Light from the Old Stars
The performance investigates contemporary notions of innocence and masochism, facial patterns in image-war, codes of horror, and regimes of visuality in a polite political setting. Light from the Old Stars as a political meditation on aesthetic reverence is made of over-layering of speech, live electronic/acoustic sound manipulation, and computer animation video that renders two virtual planes colliding on one another with a bright light of a laser-pointer (installed on stage) aiming at their axis of rotation.

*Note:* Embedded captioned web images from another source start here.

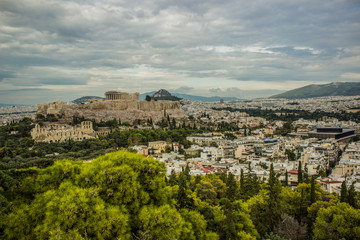 Acropolis and Athens cityscape heritage ruins place reconstruction view in cloudy rainy weather time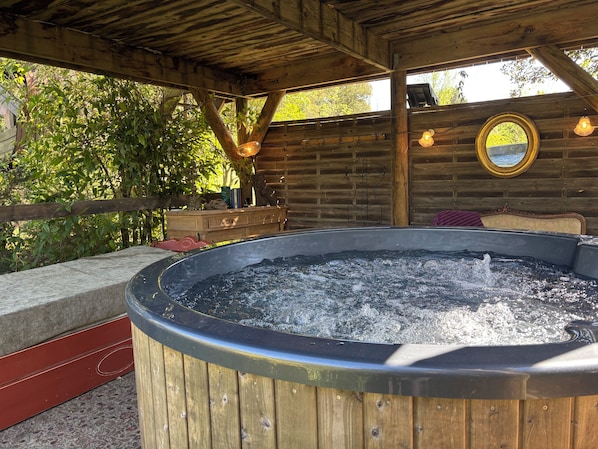 Un bain à remous avec un revêtement extérieur en bois, un banc en bois et un miroir fixé au mur.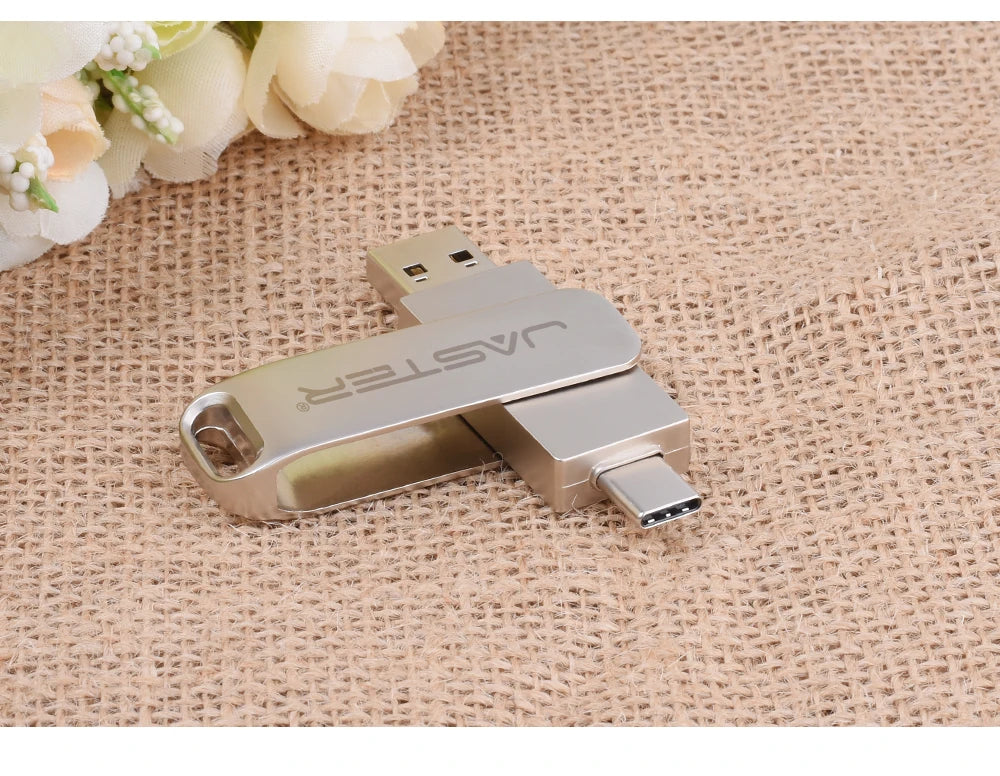 Sleek, silver metal 2-in-1 dual USB-C and USB 2.0 flash drive on a textured beige background.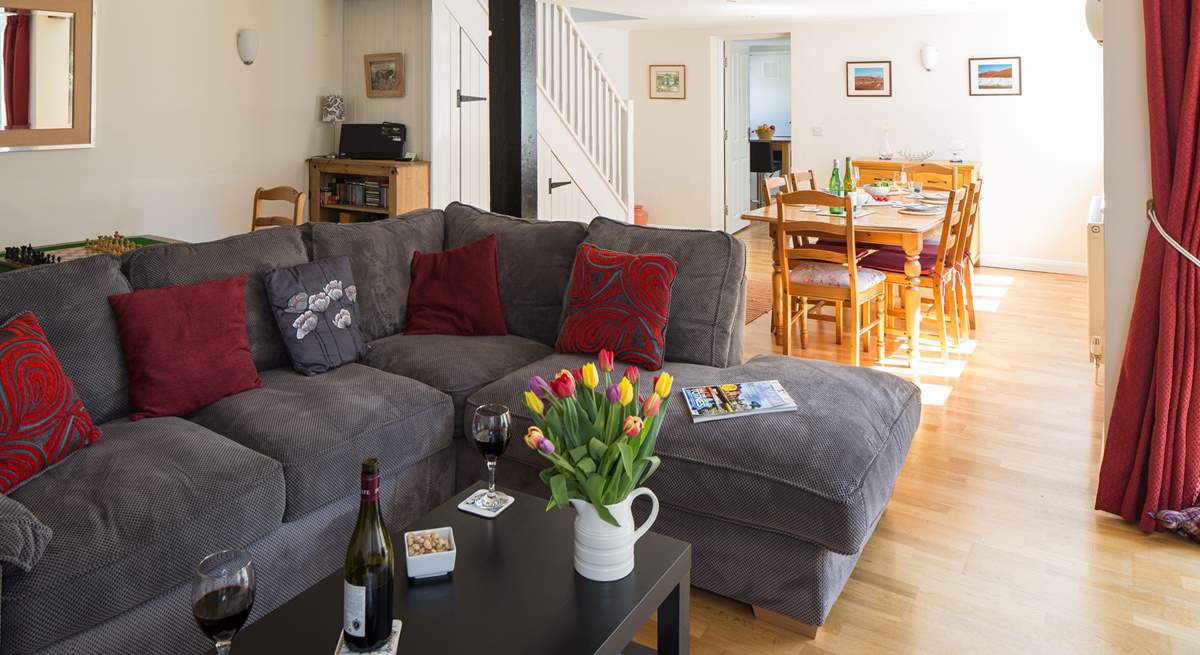 This sociable room has plenty of space for the L-shaped sofa, two armchairs, a play-area and the dining-area.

The video and laser as a light-installation is an auto-generating hypnotic coordinating machine composed of cartographic patterns and abstract digital textures, a technical composition that invokes the work of an immaterial. The performance in an endeavour to create a local image-theory for itself, goes all over the place to perform a disavowal of representational language over the notion of the face. The face—subject to endless technologies of recognition, philosophy of the Other, site of beating and violence, loci of love, seminal of POV-based communication—is one visual frontier of alterity and fetish. Common sense (or rather common cold,) rooted in cheerful/fearful fantasies conditions the encountering of the strange and alien face that comes to you from uninvestigated addresses. Anything that I ask the stranger will arrest the rest of our movements. The first question in the face of the stranger, partially sunken in the consciousness, establishes the climate of subjectivity in interrogation.